Ryoo Dental, Inc. v. Han, 2015 WL 4208580, No. 15–308 (C.D. Cal. Jul. 9, 2015)
Ryoo Dental, a dental practice, had a website to promote its services, and allegedly spent considerable sums on “search engine optimization fees, photographing, editing, and updating content and maintaining its webpage.”  When Ryoo lost its first page search ranking on Google (for what search term?), it hired an SEO firm, which told Ryoo that Han, another dentist, had copied content from Ryoo’s site and put it on his own site, leading Google’s algorithm to penalize Ryoo’s site.  (Sounds like a DMCA takedown might’ve been a cheaper alternative to litigation, if SEO is the aim.)
Ryoo sued Han for copyright infringement and state-law torts, all of which the court here dismissed as preempted.  The subject matter of the state-law claims, the website, fell within the subject matter of copyright because it was a fixed work of authorship.  (Which is why, incidentally, saying that right of publicity claims based on distribution of fixed works don’t fall into copyright’s subject matter doesn’t make sense to me.)  So the only question was whether there were extra elements.

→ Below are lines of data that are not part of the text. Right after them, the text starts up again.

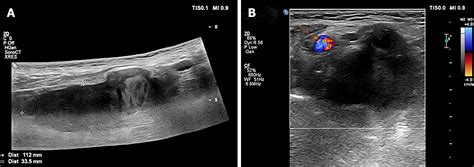 Subcutaneous Hematoma Ultrasound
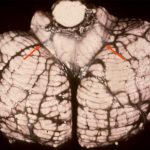 tonsillar_herniation_cerebellum-1.jpg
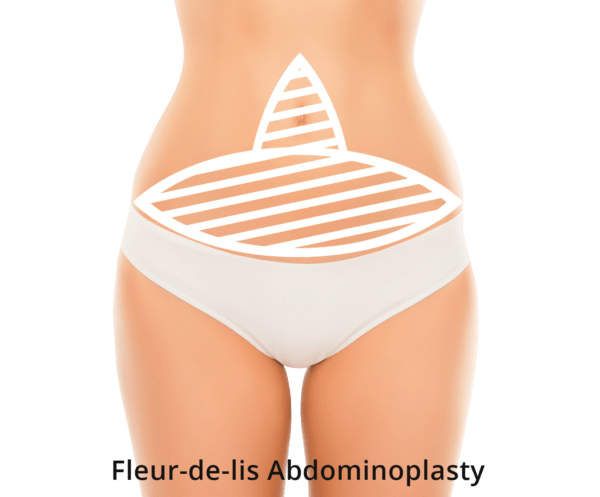 Graphic of Abdominoplasty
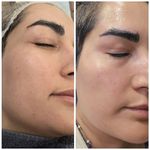 فیشال و پاکسازی پوست درنواب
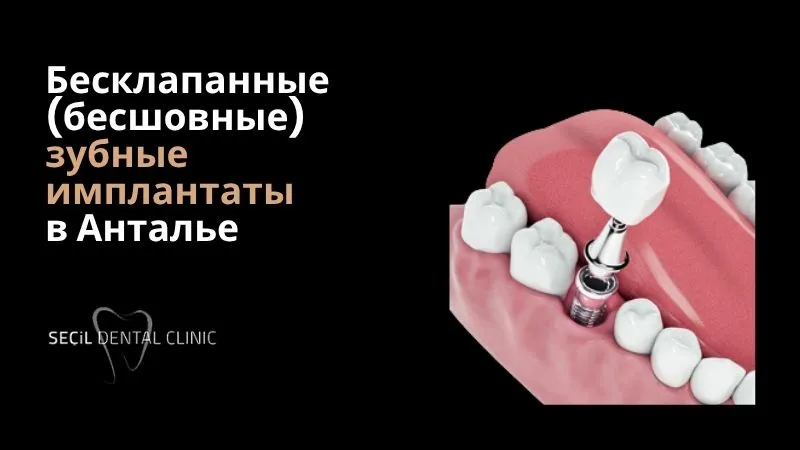 Бесклапанные (бесшовные) зубные имплантаты в Анталье
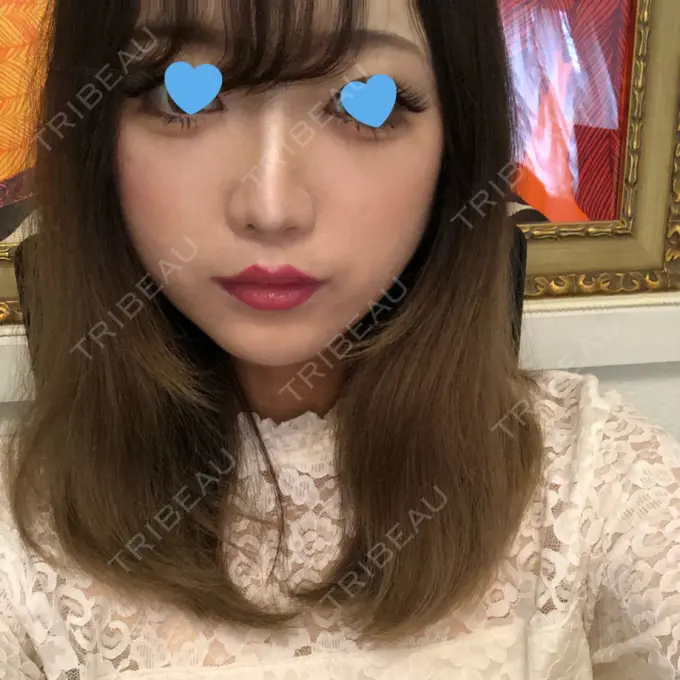 ヒアルロン酸注入（鼻） プライベートスキンクリニック 梅田本院 BEFORE メイン用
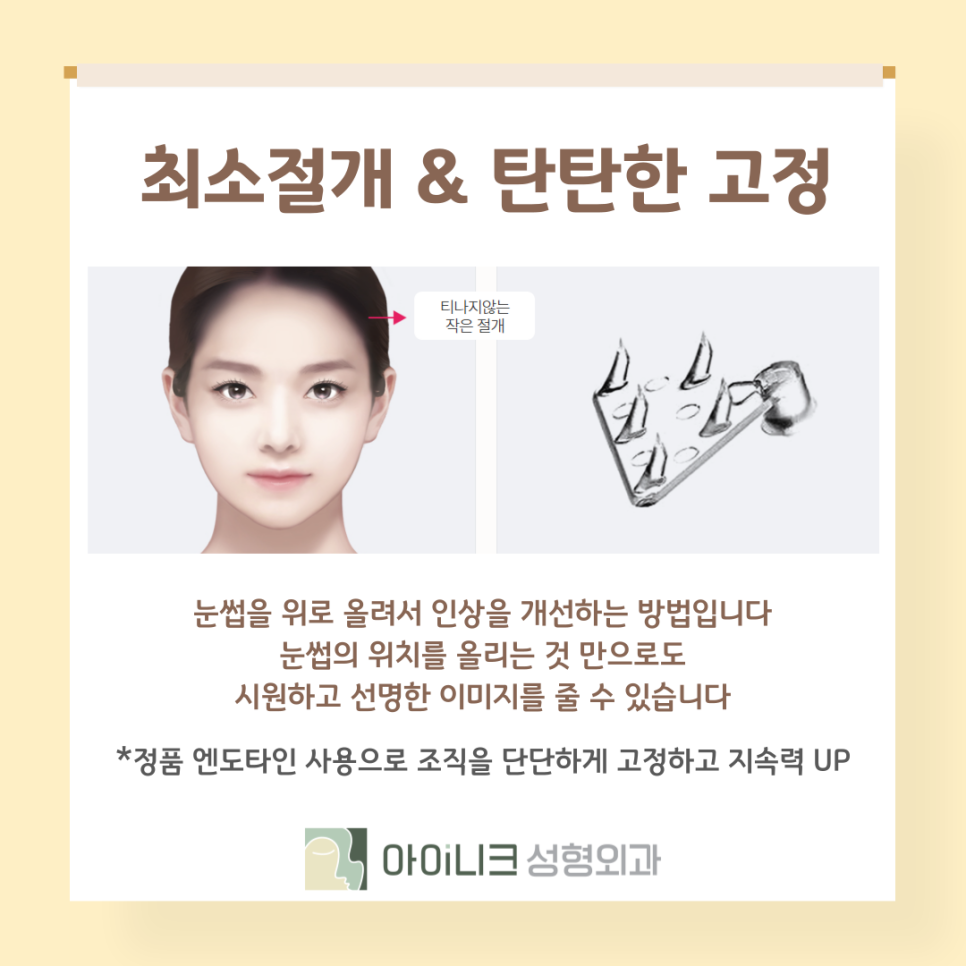 눈썹을 올려 인상을 개선? 브로우업 관련 이미지 10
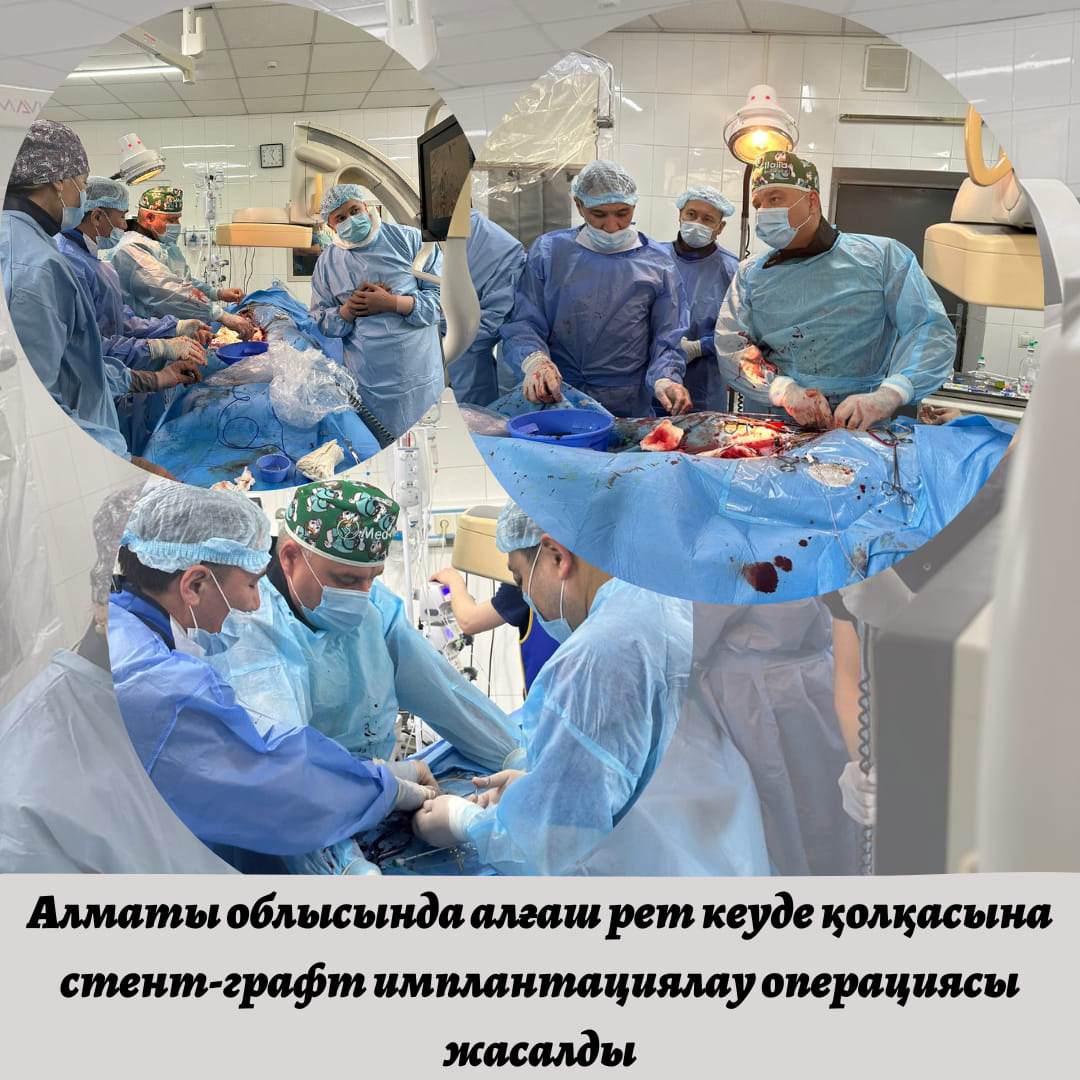 Алматы көпсалалы клиникалық ауруханасының базасында алғаш рет кеуде қолқасына стент-графт имплантациялау бойынша жоғары технологиялық және гибридті ота 1953 жылы туған науқасқа жасалды.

For conversion, no, because there was no allegedly appropriated tangible property, just the reproduction of website content, “indisputably intangible property.” Likewise for negligent interference with prospective economic advantage, because the alleged disruption of business consisted of Han’s alleged copying of Ryoo’s website.
False advertising and unfair competition received separate treatment, but they were essentially reverse passing off rather than passing off claims—Han wasn’t allegedly misrepresenting his services as Ryoo’s.  The court stated a rule that seems clearly Dastar-noncompliant: “‘Reverse passing off’ claims are preempted unless the plaintiff alleges bodily appropriation and seeks more than mere monetary damages,” neither of which are exceptions that appear in Dastar.  But Han did neither, so his claims were preempted anyway.
Claims for unjust enrichment failed because California has no separate cause of action based on unjust enrichment, and such a claim would be preempted anyway.  Ryoo argued that an accounting was necessary to determine damages, but this too was preempted to the extent related to the copyright claim, since “the Copyright Act already affords [plaintiff] an adequate means by which to calculate damages.”
This entry was posted in copyright, dastar, http://schemas.google.com/blogger/2008/kind#post, preemption. Bookmark the permalink.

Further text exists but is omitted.